EXERCISE DATA START

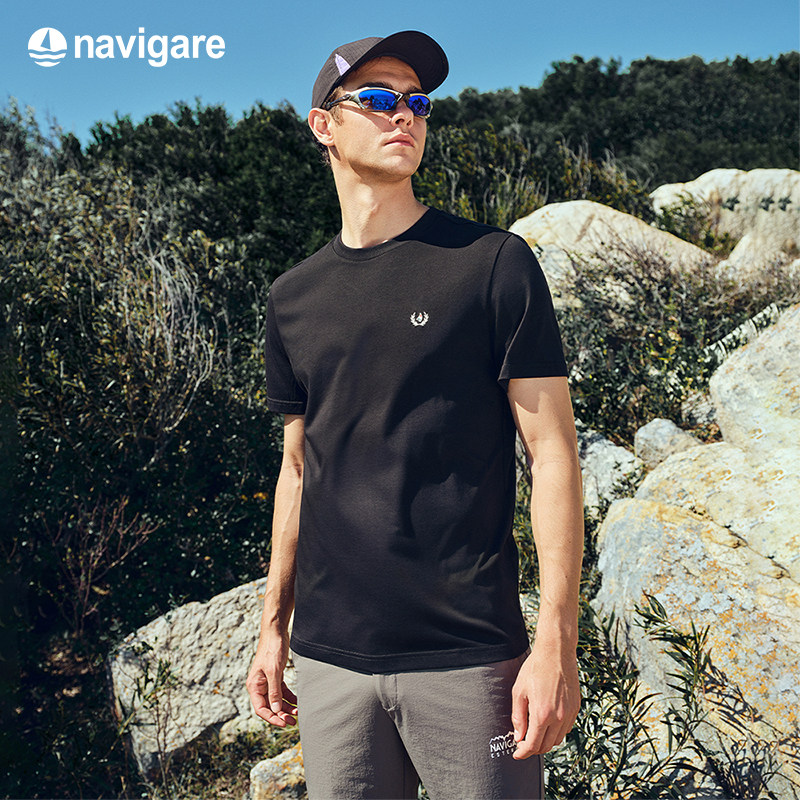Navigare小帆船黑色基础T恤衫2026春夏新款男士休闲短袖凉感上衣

EXERCISE DATA END
EXERCISE DATA START

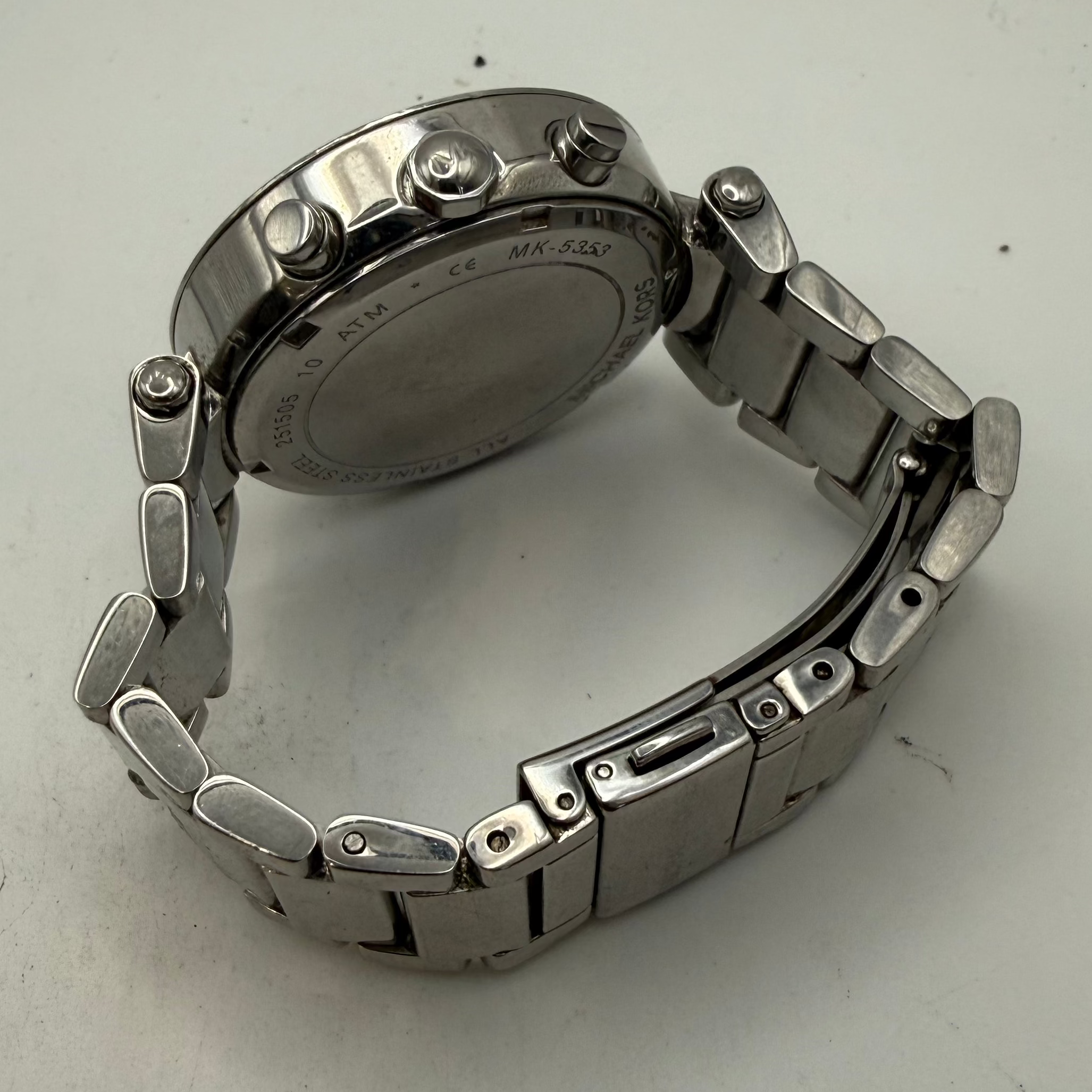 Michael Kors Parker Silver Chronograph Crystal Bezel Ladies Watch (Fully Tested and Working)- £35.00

EXERCISE DATA END
EXERCISE DATA START

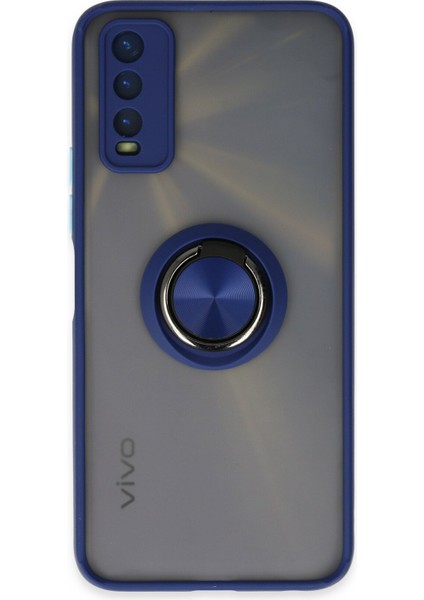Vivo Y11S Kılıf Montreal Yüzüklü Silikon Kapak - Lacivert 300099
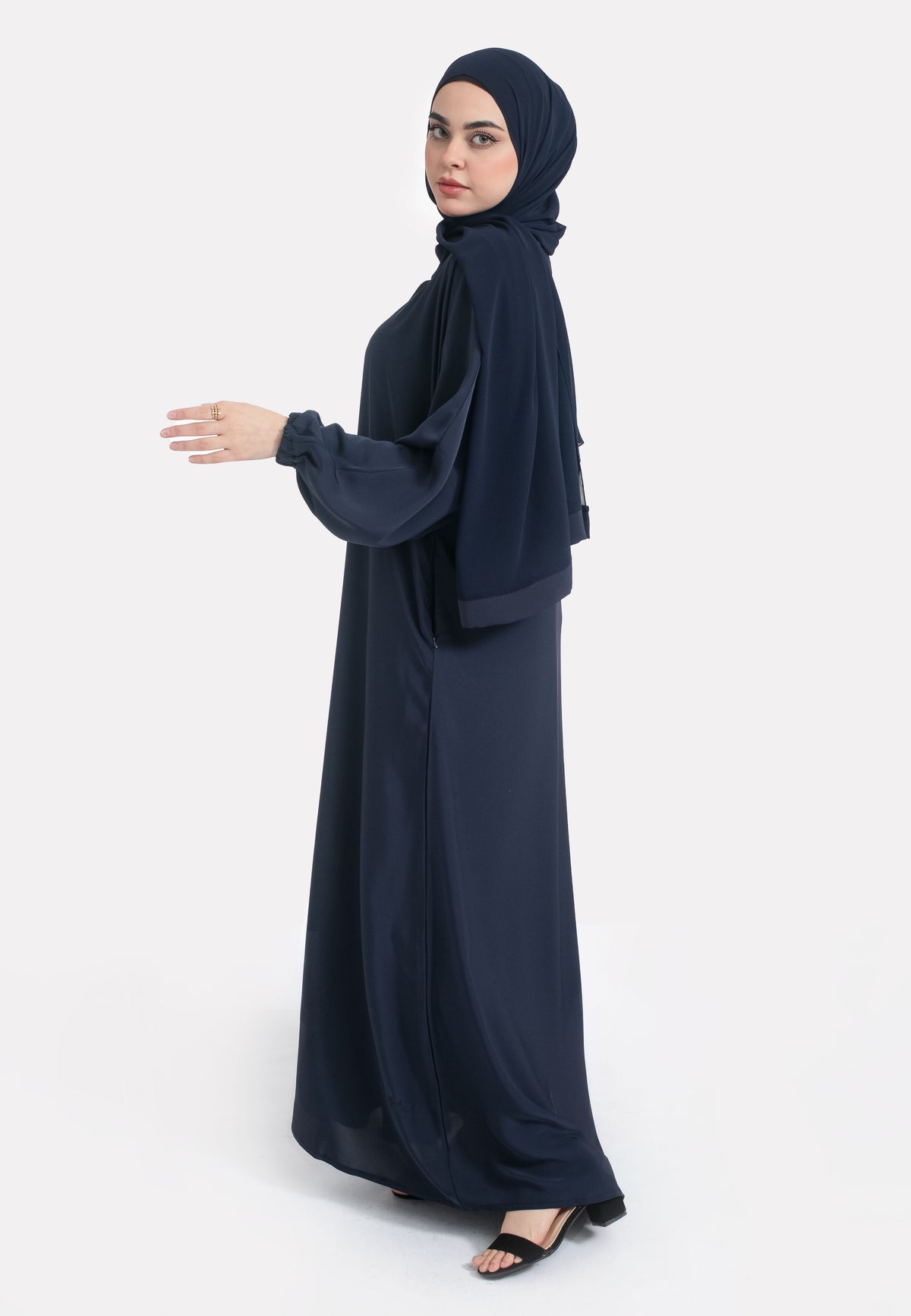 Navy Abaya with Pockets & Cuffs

EXERCISE DATA END

• **TASK TO COMPLETE**:
Set down, exactly as written above, each line from the one with "Vivo Y11S Kılıf" through the one with "Navy Abaya with Pockets & Cuffs", and skip the pictures.

• **ANSWER SECTION**:
Vivo Y11S Kılıf Montreal Yüzüklü Silikon Kapak - Lacivert 300099
 Navy Abaya with Pockets & Cuffs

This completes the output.